Pienso que quiso matarse el gusto de ejecutar músicas que lo acompañan desde siempre. O mejor dicho, confrontar con el público su particular modo de entender y degustar lenguajes troncales en el crecimiento del panorama sonoro europeo de los siglos XIX y XX. Porque salvo la Sinfonía traviesa, de su coetáneo Calixto Álvarez, pieza de inspiración martiana encargada por el Instituto Cubano de la Música que hizo bien en desempolvar, el grueso del programa transitó desde Mozart a Ravel, con Beethoven incluido.

Valera se las entendió primeramente con la obertura Coroliano, de Beethoven, introducción a la ópera homónima que rebasa con creces el canon de este tipo de composición que suele preludiar las representaciones escénicas musicales. El carácter dramático y la expresión romántica afloraron equilibradamente en la ejecución de la Orquesta Sinfónica Nacional.
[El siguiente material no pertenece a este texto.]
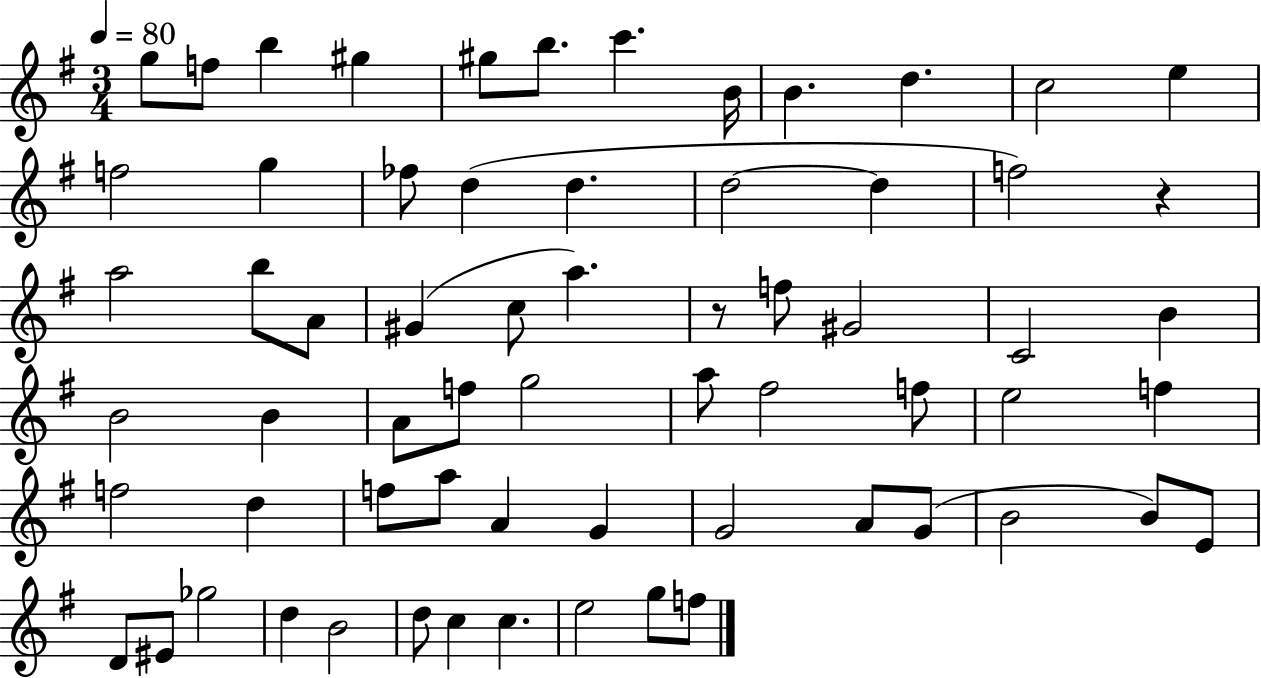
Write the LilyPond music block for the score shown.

{
  \clef treble
  \numericTimeSignature
  \time 3/4
  \key g \major
  \tempo 4 = 80
  g''8 f''8 b''4 gis''4 | gis''8 b''8. c'''4. b'16 | b'4. d''4. | c''2 e''4 | \break f''2 g''4 | fes''8 d''4( d''4. | d''2~~ d''4 | f''2) r4 | \break a''2 b''8 a'8 | gis'4( c''8 a''4.) | r8 f''8 gis'2 | c'2 b'4 | \break b'2 b'4 | a'8 f''8 g''2 | a''8 fis''2 f''8 | e''2 f''4 | \break f''2 d''4 | f''8 a''8 a'4 g'4 | g'2 a'8 g'8( | b'2 b'8) e'8 | \break d'8 eis'8 ges''2 | d''4 b'2 | d''8 c''4 c''4. | e''2 g''8 f''8 | \break \bar "|."
}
Si Beethoven es retador, mucho más se nos antoja Mozart desde una de sus partituras más populares: la Sinfonía no. 40. Son tantas las versiones y las recreaciones de su primer movimiento que a veces se olvida que los tres restantes responden a una unidad, en la que se refleja la madurez del estilo clásico mozartiano. La lectura de Valera fue rigurosa en la transmisión de las claves que hacen de esta sinfonía una página para todos los tiempos: los llamativos contrastes rítmico-melódicos del Molto Allegro, la luminosidad evocativa del Andante, el virtuosismo contrapuntístico en la concepción del Minueto, y la dinámica sorprendente del Finale.
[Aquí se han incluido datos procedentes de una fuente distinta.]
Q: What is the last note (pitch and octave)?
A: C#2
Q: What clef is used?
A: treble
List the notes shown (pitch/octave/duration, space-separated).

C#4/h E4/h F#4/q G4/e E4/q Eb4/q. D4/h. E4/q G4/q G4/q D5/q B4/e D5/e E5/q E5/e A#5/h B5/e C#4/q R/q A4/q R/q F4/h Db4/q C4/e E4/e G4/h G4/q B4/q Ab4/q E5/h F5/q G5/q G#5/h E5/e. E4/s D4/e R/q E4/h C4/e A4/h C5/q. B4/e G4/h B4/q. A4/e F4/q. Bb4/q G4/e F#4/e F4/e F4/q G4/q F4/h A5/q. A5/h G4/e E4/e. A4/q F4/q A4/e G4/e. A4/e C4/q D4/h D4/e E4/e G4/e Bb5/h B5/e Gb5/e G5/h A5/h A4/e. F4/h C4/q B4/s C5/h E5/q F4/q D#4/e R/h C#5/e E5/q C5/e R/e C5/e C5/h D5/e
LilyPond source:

Para no pocos estudiosos, La Valse, de Maurice Ravel, es un ejemplo supremo de su maestría como compositor, sus conceptos innovadores y su peculiar arquitectura orquestal. Pero, cuidado, pues su exuberancia puede conducir a excesos. Sin restarle un ápice de fuerza al crecimiento de la masa sonora, Valera evitó todo posible desbordamiento y nos ofreció una interpretación de emociones poderosas pero comedidas.